A fourth rule can hence be formulated: A claim should be devoid of any bottlenecks or hard-to-proof features. The enforcement/litigation perspective is often forgotten in the drafting process. Because it only emerges far in the future. And because the drafting patent attorney might be unfamiliar with licensing and litigation. Therefore he/she cannot feedback information of these experiences into the drafting process. However, it should be made clear that the main motivation for the investment in a patent is the protection of the invention – and protection is the effect of enforceability.
The FCJ has acknowledged the difficulties when producing claims. In the decision “Communication Channel” from 2014 the court stated:
“Insofar as claims are already formulated in an application, these have […] only a provisional character. It is only in the course of the subsequent examination procedure that it is necessary to work out what is protectable in the light of the prior art and for which claims the applicant seeks protection.”

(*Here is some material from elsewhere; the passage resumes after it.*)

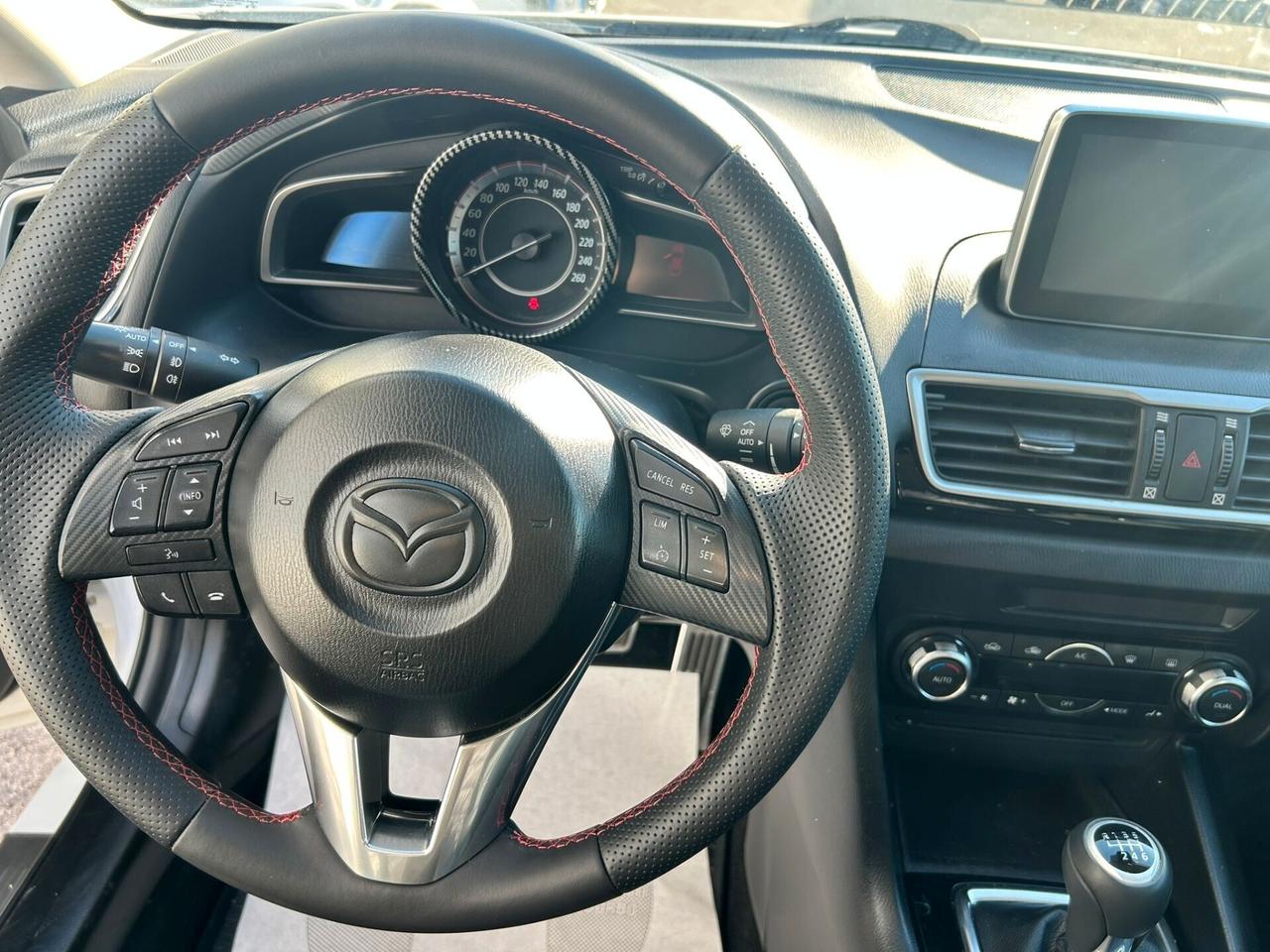Mazda 3 1.5D X RIVENDITORI 2016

As a consequence, the claims of a patent application have not to perfectly define the scope-of-protection when initially submitting the application. Submitting perfect claims initially is even impossible because of the lacking information that will be provided by the examiner (e.g. prior art).
Initial claims of the patent application should provide an adaptable starting point in order to arrive at a broad, intelligible, and enforceable claim set for the patent, i.e. at the end of the granting process or of an opposition procedure. This should be the fifth rule for drafting claims for a patent application.
In sum, the five rules are:
1. An independent claim must only comprise features that exist in all embodiments of the invention.
2. An inventor/owner must always be able to understand what the broadest form of the invention is. And she/he should know how it is protected by an independent claim.
3. Claim language must provide a clear impression of the invention and facilitate a prior art search by an examiner.
4. A claims must be devoid of any bottlenecks or hard-to-proof features.
5. Initial claims of a patent application have to provide an adaptable starting point for the granting procedure. The goal is to arrive at a broad, intelligible, and enforceable claim set for a patent.